PDB-REDO / dssp

Application to assign secondary structure to proteins
BSD 2-Clause "Simplified" License
166 stars 19 forks source link

Question about cif output. #69

Closed shuuul closed 1 year ago

shuuul commented 1 year ago

I am using CIF output of DSSP. The PDB entry is 7UCK. https://www.rcsb.org/structure/7UCK

I try to read the CIF file using Biopython or Biostructures.jl, the list of chain ids are both 1,2,5,7,8,9,A,B,C,D,E,F,G,H,I,J,L,M,N,O,P,Q,R,S,T,U,V,W,X,Y,Z,a,b,c,d,e,f,g,h,i,j,k,l,m,n,o,p,r,AA,Aa,BB,Bb,CC,Cc,DD,Dd,EE,Ee,FF,GG,Gg,HH,II,JJ,KK,LL,NN,OO,PP,QQ,RR,SS,TT,UU,VV,WW,XX,YY,ZZ.

However, in the dssp_output, the _dssp_struct_summary.label_asym_id values are G, H, I, J, K, L, M, N, O, P, Q, R, S, T, U, V, W, X, Y, Z, AA, BA, CA, DA, EA, FA, GA, HA, IA, JA, KA, LA, MA, NA, OA, PA, QA, RA, TA, UA, VA, WA, XA, YA, ZA, AB, BB, CB, DB, EB, FB, GB, HB, IB, JB, KB, LB, MB, NB, OB, PB, QB, RB, SB, TB, UB, VB, WB, XB, YB, ZB, AC.
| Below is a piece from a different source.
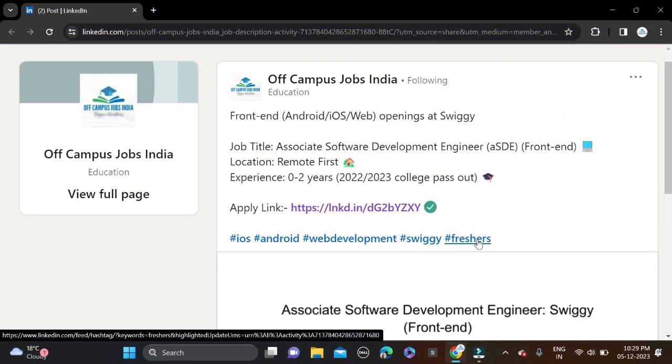Hi everyone, welcome back to a new video. In this video I will tell you about a very good opportunity coming from Swiggy, hiring for the role of Associate Software Development Engineer. The required qualification for this opportunity is if you have a bachelor's degree, then you can apply.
How could I map the results to the structure in Biopython?

drlemmus commented 1 year ago

Biopython seems to be using auth_asym_id whereas DSSP uses label_asym_id. Perhaps you can make biopython use the "label-system"

shuuul commented 1 year ago

Thanks for your reply! I will write a dict to translate the labels.